There are few places in the United States where freedom of speech and freedom of religion are under more attack than on college and university campuses.
Conservative and Christian views have been repeatedly opposed and shut down by liberal professors and progressive student organizations all across the country.
But one student organization is fighting back and just scored a milestone victory for the First Amendment.
Apparently, not even a noted civil rights activist and state politician is welcome on some college campuses if their message doesn’t align with its left-leaning student body.
Last summer, pro-life group Students for Life wanted to bring Alveda King to Georgia Tech, but the event was rejected by the school’s Student Government Association.
King is the niece of civil rights icon Martin Luther King Jr. and a former member of the Georgia House of Representatives. But Georgia Tech’s SGA refused to allow her to speak because her views are “inherently religious.”
More than 15,000 students are enrolled in student organizations at Georgia Tech. The university pays the mandatory activity fees that are used to fund campus events, and most events are typically approved with little discussion.

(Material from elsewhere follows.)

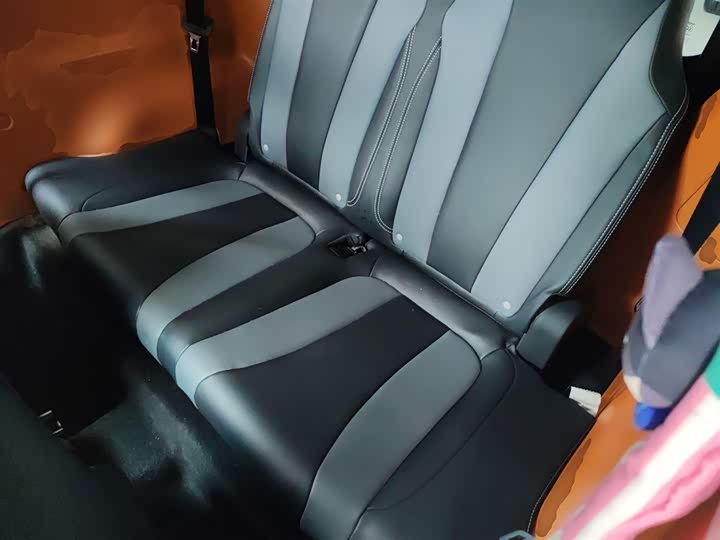 Фото 17 - Roewe Clever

Unless, of course, the SGA does not approve.
According to CNB News, Students for Life member Brian Cochran was interrogated about the organization’s views and the content that would be presented by King.

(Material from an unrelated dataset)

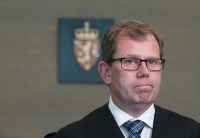 Aktor Thorbjørn Klundseter mener hovedmannen i Søndre Land-saken må dømmes til 20 års fengsel, mens en kvinne og hennes sønn må fengsles i henholdsvis ett og sju år.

SGA declined to approve the event because of King’s religious views and her involvement in various ministries. According to Students for Life, SGM members stated that some students might be offended by King’s views on religion and abortion.
Students For Life held the event anyway, without university funding, and brought King to campus to speak on civil rights.
But it didn’t stop there.
The pro-life group also contacted the Alliance Defending Freedom, a religious liberty advocacy group, which filed a lawsuit against Georgia Tech.

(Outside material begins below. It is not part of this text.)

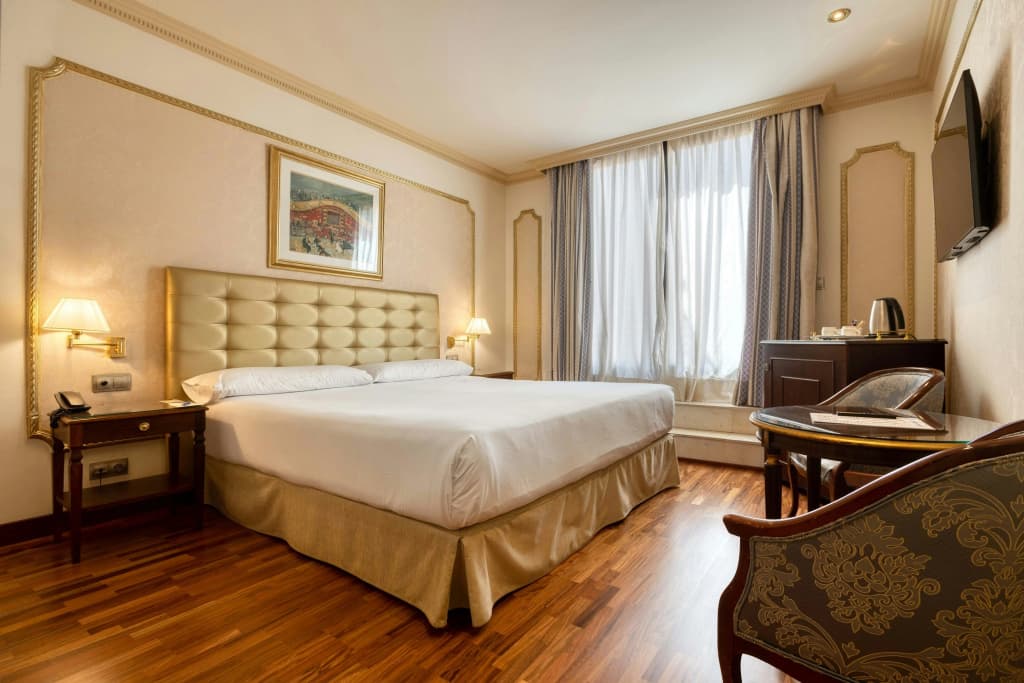 Hotel Roger de Lluria Barcelona - photo 36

The federal suit, filed in April, accused Georgia Tech of viewpoint discrimination against King and Students for Life and of violating their constitutional rights.
“When universities dictate, or grant students the power to dictate, which messages and messengers are allowed on campus, they transform universities from ‘marketplaces of ideas’ to a seller’s market of a single ideology deemed acceptable to the SGA,” the lawsuit stated.
ADF Legal Counsel Caleb Dalton said Martin Luther King Jr. himself would not be allowed on campus under SGA’s current policies.
“The Supreme Court made it clear 20 years ago that if public universities wish to force students to pay student activity fees, then those universities have a duty to ensure that the funds are distributed in a viewpoint-neutral manner,” Dalton said.
The lawsuit got Georgia Tech’s attention!
The university recently reached an out-of-court settlement with ADF, agreeing to change its policies and treat all student organizations fairly regardless of their views. It also agreed to pay $50,000 in damages and attorney fees.
ADF Senior Counsel Tyson Langhofer said the legal victory sends a warning to universities and student groups that have a pattern of violating First Amendment rights with political and viewpoint bias.
“The student government discriminated against the viewpoints of Students for Life and Ms. King in favor of the views of students the SGA members were afraid to offend,” Langhofer said.
“Rather than exemplify this sort of hostility toward the First Amendment, universities should exemplify the importance of those freedoms. When they don’t, they communicate to an entire generation that the Constitution doesn’t matter.”
Langhofer said the ADF, a non-profit organization that advocates for the rights of individuals to freely express their faith, encourages universities to teach its students to support and exemplify freedom of speech.
“Georgia Tech has shown its renewed commitment to these principles by taking quick corrective action to revise their policies so that all student organizations are treated fairly, regardless of political or religious views.”
“We hope that other universities around the country will ensure their policies meet constitutional muster without the need for a lawsuit.”
Students for Life of America president Kristan Hawkins said the lawsuit is a victory for pro-life groups and all student organizations.
“Courageous student leaders across the country face real opposition from their schools because they choose to speak for the defenseless and want to peacefully educate their fellow students about it.”
“The Constitution is clear that public universities can’t engage in the type of discrimination that has taken place at Georgia Tech,” she said.